If you can’t find the gold where you are, go to the gold.
In addition to willing gold into existence on our own property, I’ve decided to drive to it; about sixty miles to a place called Sheep Creek. This in response to a phone call last week from a fellow prospector who suggested we camp and pan for the weekend.
I’m not giving up on my thought experiment of materializing gold out of dirt and rock here at home but I figured it was about time to increase our odds of finding the shiny and holy substance. The caller is a guy we met about a year ago who shares this mental illness called Gold Fever.
The fever causes one to become irrational and obsessed with either conjuring up the elusive metal through the use of chemical processes to spending hour after backbreaking hour in the sun sifting through bucket after bucket of gravel in search of even one tiny morsel of goodness.
Stricken with this disease, my husband and I gladly crammed the back of our Dodge Durango with every manner of implement designed to aid in the finding of the noble metal.
Classifiers of every size, sluices, buckets, shovels, picks, hammers, and as many containers as one can fit as you can never have too many. All of this plus everything but our cookware (my husband recalled later, putting it away on a shelf in the shed) went into the hatch and off we went.
After an unsuccessful exploratory expedition to find a new spot, we turned around about five-hundred feet shy of the Canadian border and headed for the sure-fire place for gold: Sheep Creek.
The creek is in the Colville National Forest and we found a good campsite for the first night. There wasn’t much time for panning so we set up and planned on heading out in the morning.
Several Sloppy Joes, ten cigarettes, and two UFO’s later we called it a night.
Worth mentioning is that on our way to find a suitable spot, we found a mine, or hole dug into solid rock along the road. It went about twenty feet in before dead-ending. We scraped some samples into some buckets (never enough containers), before continuing on.

The next morning we found a great spot near a rapids, moved camp downstream, and set to work.

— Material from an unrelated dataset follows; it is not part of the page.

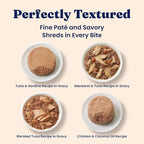 Solid Gold Wet Cat Food Variety Pack - Pate & Shreds in Gravy - Healthy Canned Cat Food Pate w/Real Chicken, Tuna, Mackerel & Sardine - Grain Free & Gluten Free Can Meals for Cats & Kittens - 24ct/3oz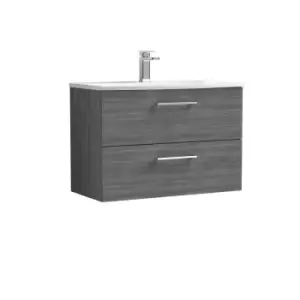 Nuie Arno 800mm Wall Hung 2 Drawer Vanity & Basin 4 Anthracite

This is where all of those tools come in handy. Gold is heavy and you have to dig for it under very large rocks and in low-pressure zones in the water or where the water was at the high mark.
You have to ask yourself where gold would logically travel and fall out when being tumbled downstream. It tends to move along with the big stuff and settle with the heavy stuff so you look for those kinds of things and those locations and dig.
We are all amateurs but three sets of hands and brains is better than one. I jumped all over the place digging and sampling while the men found a good spot and kept at it for most of the time. They were rewarded for their efforts.
We spent the better part of the day and half of the next moving large boulders, scooping up buckets-full of sand and gravel and either running it through our sluices or hand-panning.
Our friend had the best of the luck, finding a nice wafer-shaped “picker” about three millimeters in diameter. My husband found some good ones and I managed to eek out a couple of specs with my fishing magnet.
If you throw a powerful magnet into the river, it picks up iron which in turn sometimes picks up gold with it. You separate it later.
By the last day, the fatigue was setting in and it was time to pack up and go. Our treasures were stored in one of the many many containers we’d brought to be separated from the black sands once we got home.
That night, our friend put away all of his camping and prospecting gear and sifted through his black sands to reveal his trophies.
Our car is still mostly loaded and we at least began the process of recovering our gold today. We got home day before yesterday.